Glowforge initially focused on direct-to-consumer and later partnered with large craft retailers such as JOANN and Michaels. The company also expanded to serve schools and universities in 2021.
The startup eventually sold two higher-end machines including the Glowforge Plus ($4,995) and Glowforge Pro ($6,995). In 2023 it released the $1,200 Aura and in 2024 the $699 Spark in an attempt to attract a wider audience of consumers.
New focus
Eternally optimistic throughout Glowforge’s years of ups and downs, Shapiro exhibits that same characteristic in the face of starting over.
He called it a “rebirth” and a return to the vision that he and Gosselin had in 2015, with a team “that’s here for the mission, not the vanity metrics” and to serve customers “rather than optimizing for investor presentations.”
“The cost of being a growth-first company is massive, and not always obvious,” Shapiro said. “When we stripped the business to its essentials, we could see what we actually needed to serve our customers.”
The same hardware and software products will be offered, and Shapiro said improvements are coming. New features are also being launched now and next week, including: Box Builder, which uses generative AI to let users describe a custom box in plain English before Glowforge creates the design; and Snapmarks, in which users can print anything on a regular inkjet printer (stickers, iron ons) and load it into a Glowforge laser for cutting.
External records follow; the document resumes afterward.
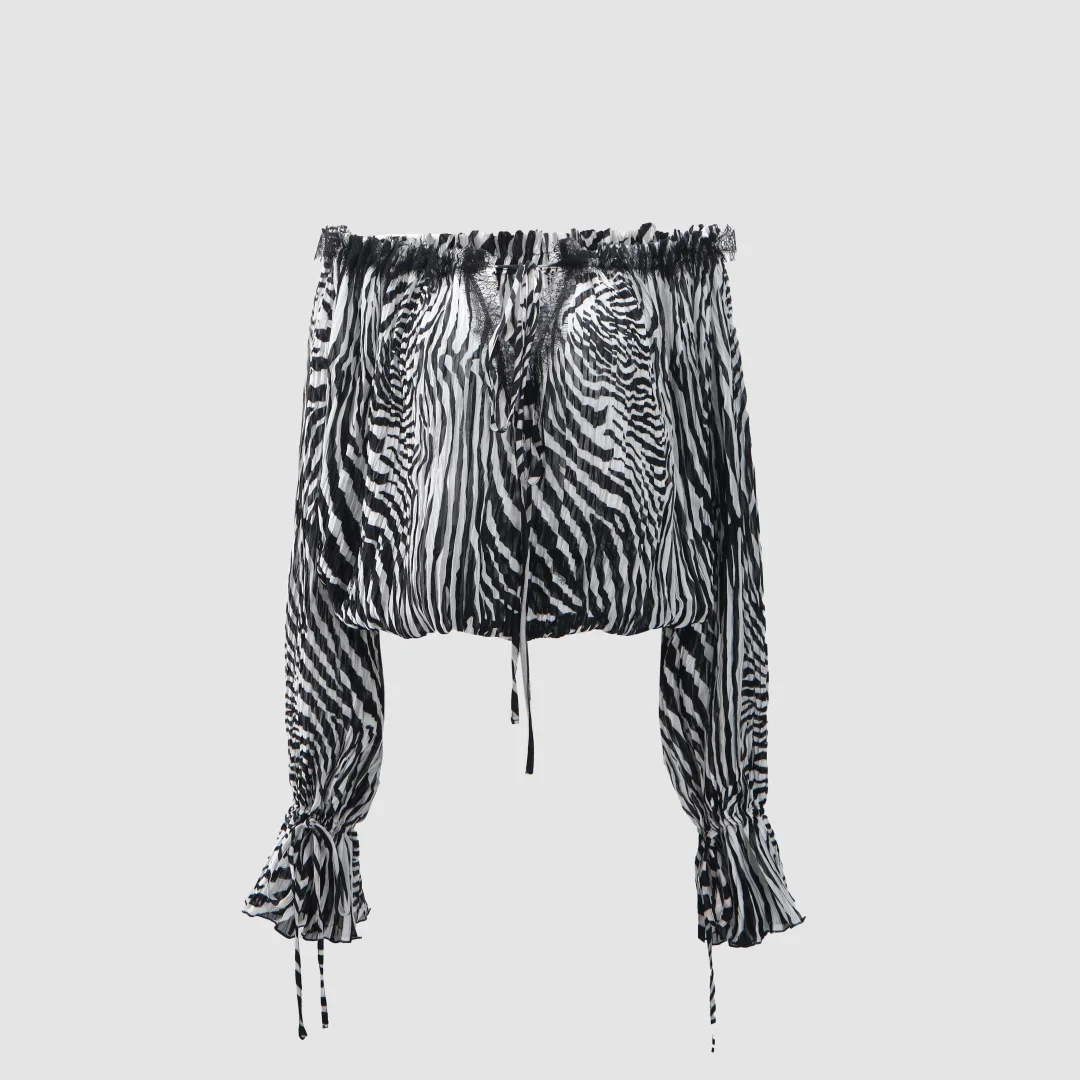 2026 Women's Zebra Print Off Shoulder Blouse | Pleated Lace Trim Tie Front Long Sleeve Ruffle Cuff Crop Top - AliExpress Shirts & Blouses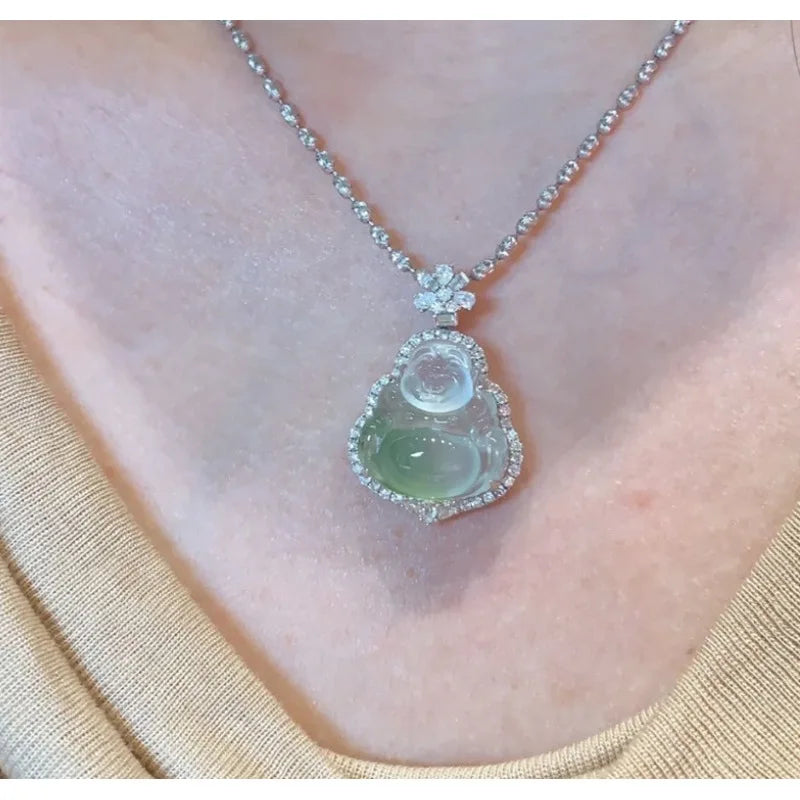 Natural ice Buddha with floral patterns, 1k inlay, genuine Burmese clear water jadeite pendant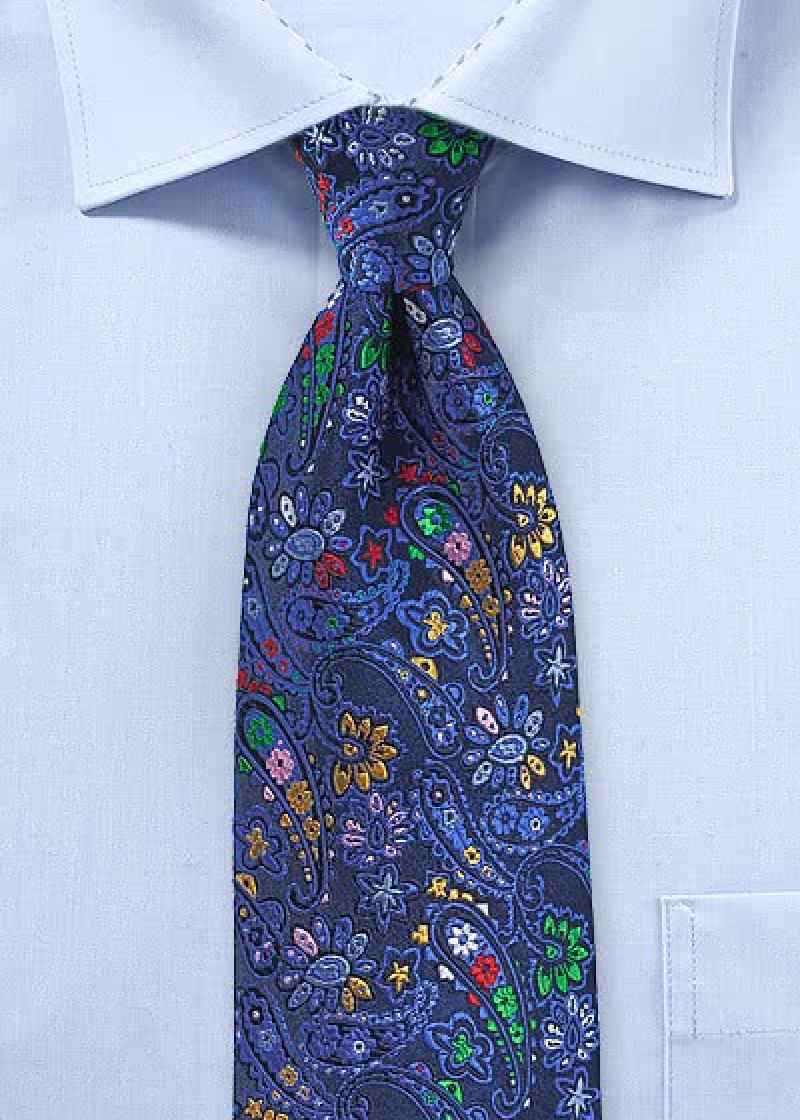 Cravatta Fiore Decor ultramarino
Shapiro also said they plan to continue the manufacturing formula they previously developed to build machines in Seattle.
He called the new Glowforge a great business from day one — “awesome product, amazing customers, and profitable,” adding that the startup is now “simpler, more focused, and more committed to the long haul. And Mark and I are all in.”